Bugüne kadar dar kalmış olabilir ama biz Türkiye cephesinde geniş bir ittifak kurulması meselesini stratejik olarak ele alıyoruz. “Bugüne kadar, nasıl sorunlar yaşadık, neden dar kaldık, nasıl büyüyebiliriz?”i tartıştığımızda şöyle bir durum ortaya çıktı: “Aslında bu birliktelik önemli, DBH’yi korumak lazım ama aynı zamanda genişletmek de lazım.” Bu sürecin dışında kalan kurumlarla diyalog kurduk, onların bu sürece dâhil edilmesi için çaba gösterdik. Genel olarak pozitif bir yaklaşım oldu. Önümüzdeki günlerde bütün görüştüğümüz kesimlerle ortak bir toplantı yapılacak. Bu toplantıyla birlikte yürüme durumumuzu belirleyeceğiz. Şöyle bir karar aldık; önceden nasıl yürüyeceğimize dair katı kurallar koyarak değil yürürken de süreci birlikte örmek gerek. Bu yürüyüşün eksiklikleri, aksaklıkları nedir, nasıl yürüyebiliyoruz, yürüyemiyorsak neden yürüyemiyoruz? Baştan kalıplar içinde hareket etmek çoğu zaman geniş birliktelikleri engelliyor. Şu sıralar böyle bir çalışmamız var. Ben kişi olarak da bu çalışmanın başarılı olacağına inanıyorum.
Cepheyi sadece siyasal partilerin tek tek yapıların yan yana gelişi ya da ittifakı olarak ele almıyoruz, daha geniş bir platform olarak düşünüyoruz. Güncel siyasal gelişmelere müdahale edecek, aynı zamanda buna göre politika üretecek, Türkiye’nin temel sorunlarını gündemleştirecek, ortak iş yapacak bir platform olmalı. Yani bir yandan Türkiye’nin temel sorunu Kürt sorununun çözümü konusunda ortak mücadeleyi yürütürken diğer yandan emekçilerin sorunlarına ortak çözüm bulmak, kadınların sorunları için aynı duyarlığı göstermek… Böyle bir stratejik birliktelik geliştirdiğimizde bu mutlaka halkla bağını da kuracaktır.
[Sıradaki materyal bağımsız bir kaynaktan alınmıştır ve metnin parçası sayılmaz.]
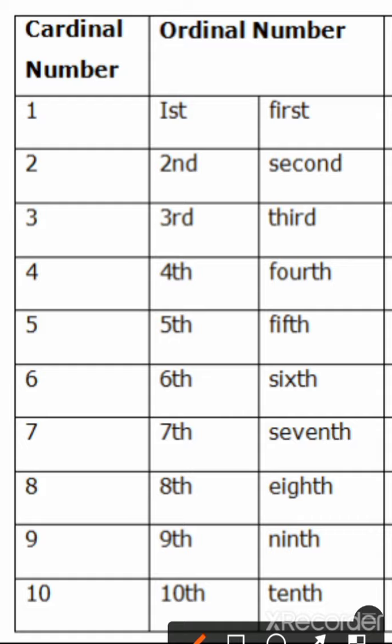First of all, let's understand the topic. Cardinal numbers.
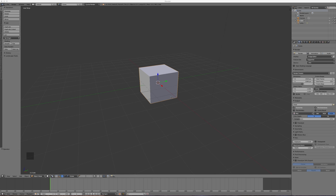Welcome to this introduction to the interface of Blender and 3D modeling for 3D printing purposes. To start off, we'll talk a little bit about Blender's interface. This is Blender version 2.79, which is the latest stable release as of the time of recording this video. We're going to make a couple of quick changes to the user preferences.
Biliyorsunuz Türkiye’de iki blok var: Biri AKP bloğu, diğeri CHP-MHP bloğu. Biz kendimizi 3. Seçenek olarak ortaya koymak istiyoruz. İnsanların alternatifsiz olmadığını, ne AKP ne CHP-MHP tarafını seçmek zorunda olmadığını, kendi tarafını yaratması gerektiğini göstermek istiyoruz. Bunun da içinde emekçilerin, yoksulların, kadınların, Kürtlerin olduğu en geniş kesimi ifade ettiğini, onlarla birlikte politika yapmanın ancak onların özgücünü ortaya çıkarmakla olabileceğini düşünüyoruz. Cephe böyle bir şeye vesile olabilir. Böyle bir inancımız var.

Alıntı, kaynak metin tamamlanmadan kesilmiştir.